Gillian Brooker Greer (born 1944), also known as Gillian Boddy, is a New Zealand teacher, a literary scholar specialising in the works of Katherine Mansfield, a heath advocate, an advisor to the New Zealand Government and has been an administrator of numerous non profit organisations. She was the chief executive of the National Council of Women of New Zealand (NCWNZ) from 2017 to 2018 and an assistant vice-chancellor of Victoria University of Wellington.

== Early life and education ==
Greer was born in New Zealand but spent the early years of her childhood in Kuala Lumpur, Malaysia. When she was eight years old, she was sent to New Zealand to attend school. She graduated from the University of Auckland with a Bachelor of Arts, and went on to earn a PhD in New Zealand literature from Victoria University of Wellington. The title of her 1996 doctoral thesis was The annotated notebooks of Katherine Mansfield, 1895–July 1908, with commentary.

== Career ==
Greer began her professional career by teaching at secondary schools including at Wellington Girls' College. She went on to become a respected literary scholar specialising in the work of Katherine Mansfield and about whom she has written two books. She was the researcher for the New Zealand television documentary A Portrait of Katherine Mansfield. Greer has also co-wrote a book on Robin Hyde.

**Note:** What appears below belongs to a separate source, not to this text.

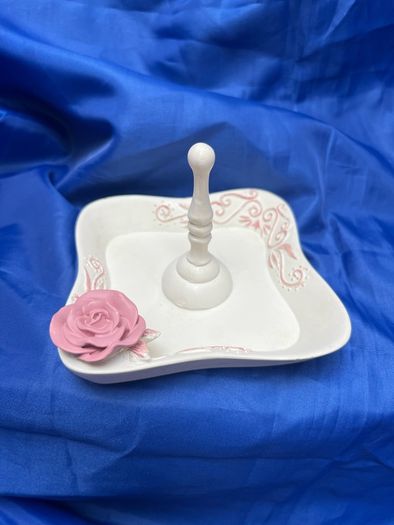 Vintage ceramic ring holder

From 1989 until 1998, Greer worked for Victoria University of Wellington, becoming the assistant vice-chancellor (equity and human resources). In 1998, she was appointed the chief executive officer of Family Planning New Zealand. In 2006, Greer was appointed the director-general of the International Planned Parenthood Federation (IPPF). Greer was subsequently appointed the chief executive office of Volunteer Service Abroad. After serving in this position until 2017, Greer then took up the position of chief executive of the National Council for Women in New Zealand. After a year in that position, in 2018, Greer was appointed director of Evofem Biosciences. In 2019, Greer was appointed the chief executive of Rare Disorders New Zealand. In 2019, she also co-edited The People’s Report on the 2030 Agenda and Sustainable Development Goals – 2019, on the Sustainable Development Goals.

== Honours and awards ==
In the 2005 New Year Honours, Greer was appointed a Member of the New Zealand Order of Merit, for services to family planning and literature. In the British 2012 New Year Honours, she was made a Commander of the Order of the British Empire, for services to international health and women’s rights. In 2019, Greer was conferred with an honorary doctorate by Victoria University of Wellington.